§ Exercise inputs:
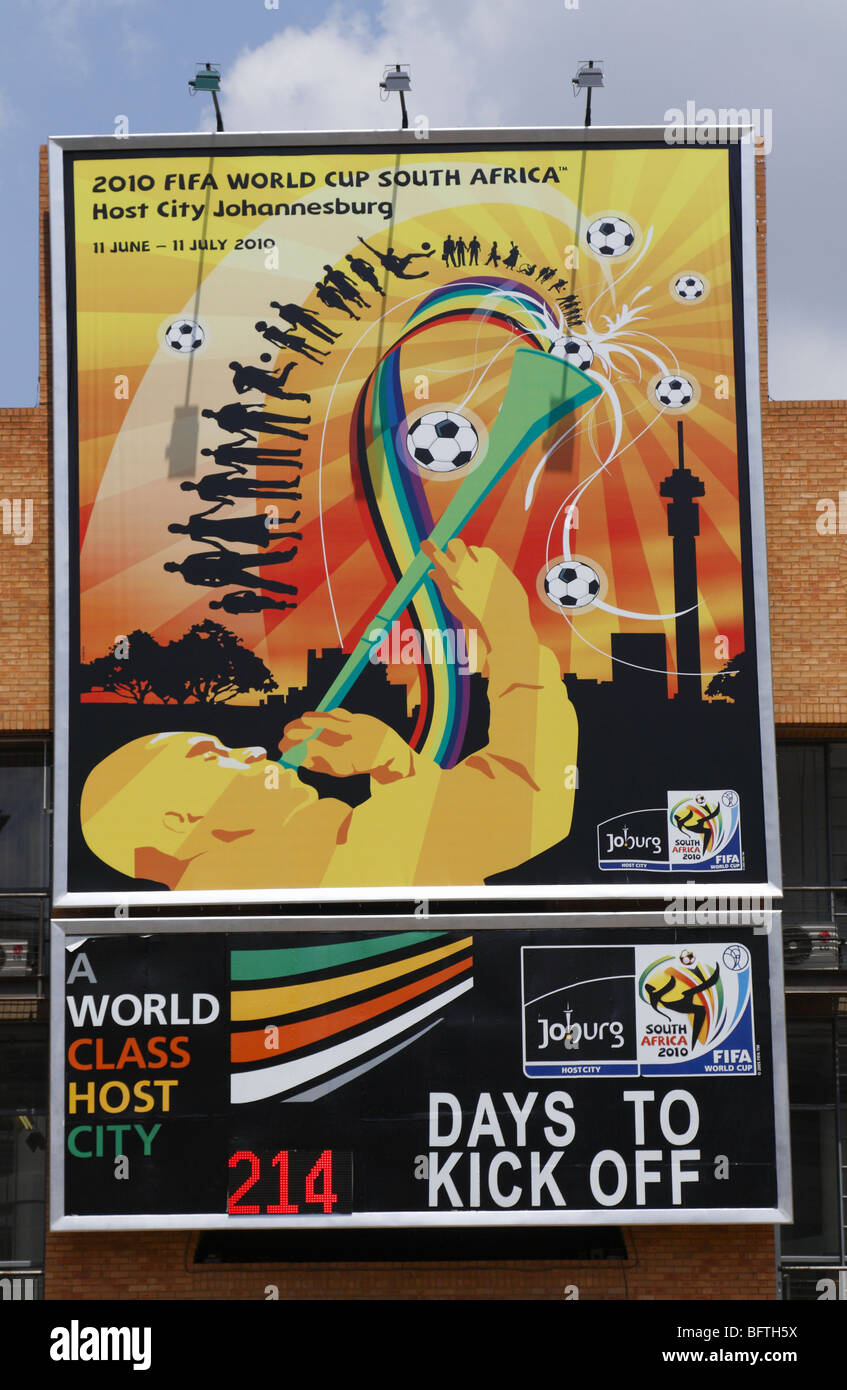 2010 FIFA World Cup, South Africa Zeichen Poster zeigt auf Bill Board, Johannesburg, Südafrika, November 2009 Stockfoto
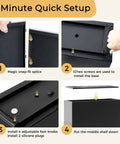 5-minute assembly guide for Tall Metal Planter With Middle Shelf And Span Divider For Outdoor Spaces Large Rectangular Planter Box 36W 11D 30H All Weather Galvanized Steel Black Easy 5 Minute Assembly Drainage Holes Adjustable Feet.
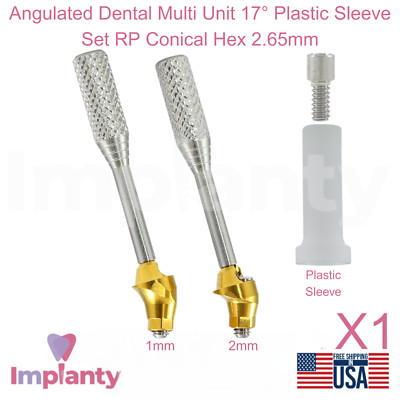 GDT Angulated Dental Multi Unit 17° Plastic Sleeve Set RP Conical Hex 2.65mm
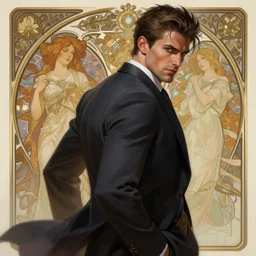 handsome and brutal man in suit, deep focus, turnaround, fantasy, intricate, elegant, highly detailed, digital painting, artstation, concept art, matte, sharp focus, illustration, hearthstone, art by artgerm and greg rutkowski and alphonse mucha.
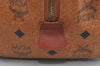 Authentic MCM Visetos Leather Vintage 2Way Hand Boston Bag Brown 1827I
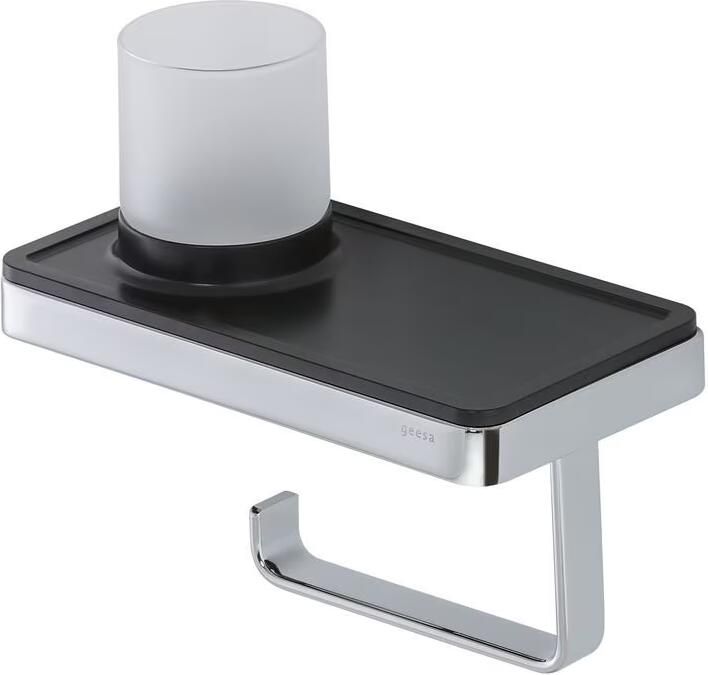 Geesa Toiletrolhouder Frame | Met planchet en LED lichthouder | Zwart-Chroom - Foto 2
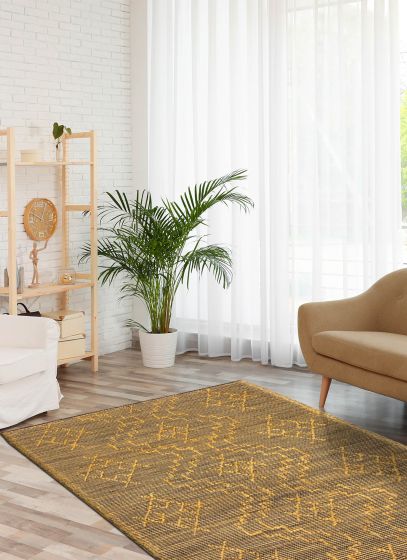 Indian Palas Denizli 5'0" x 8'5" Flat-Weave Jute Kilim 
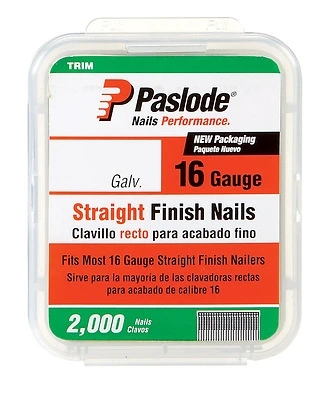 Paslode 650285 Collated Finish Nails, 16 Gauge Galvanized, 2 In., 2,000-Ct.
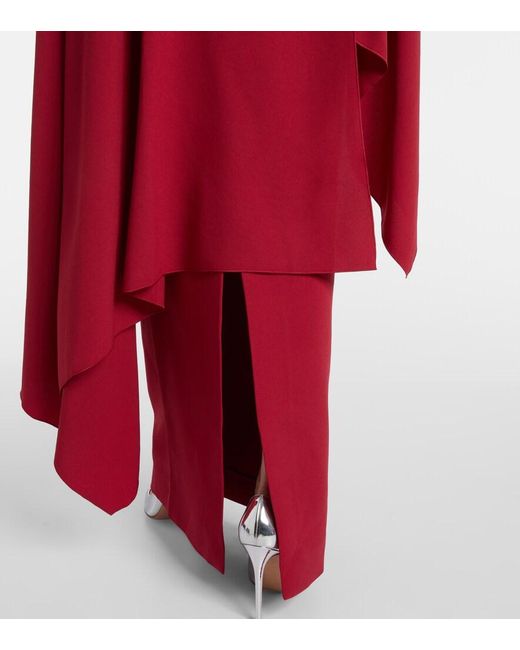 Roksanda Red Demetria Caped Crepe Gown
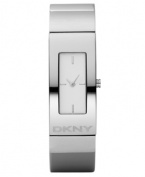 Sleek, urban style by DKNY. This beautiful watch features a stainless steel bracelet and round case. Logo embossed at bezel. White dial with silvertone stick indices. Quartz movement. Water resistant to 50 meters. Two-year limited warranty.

§ What you will do: Exactly the lines from the line with "Paslode 650285 Collated" through the last line of the listing, both included, should be extracted, and the pictures left behind.

§ Response to the exercise:
 Paslode 650285 Collated Finish Nails, 16 Gauge Galvanized, 2 In., 2,000-Ct.
 Roksanda Red Demetria Caped Crepe Gown
 Sleek, urban style by DKNY. This beautiful watch features a stainless steel bracelet and round case. Logo embossed at bezel. White dial with silvertone stick indices. Quartz movement. Water resistant to 50 meters. Two-year limited warranty.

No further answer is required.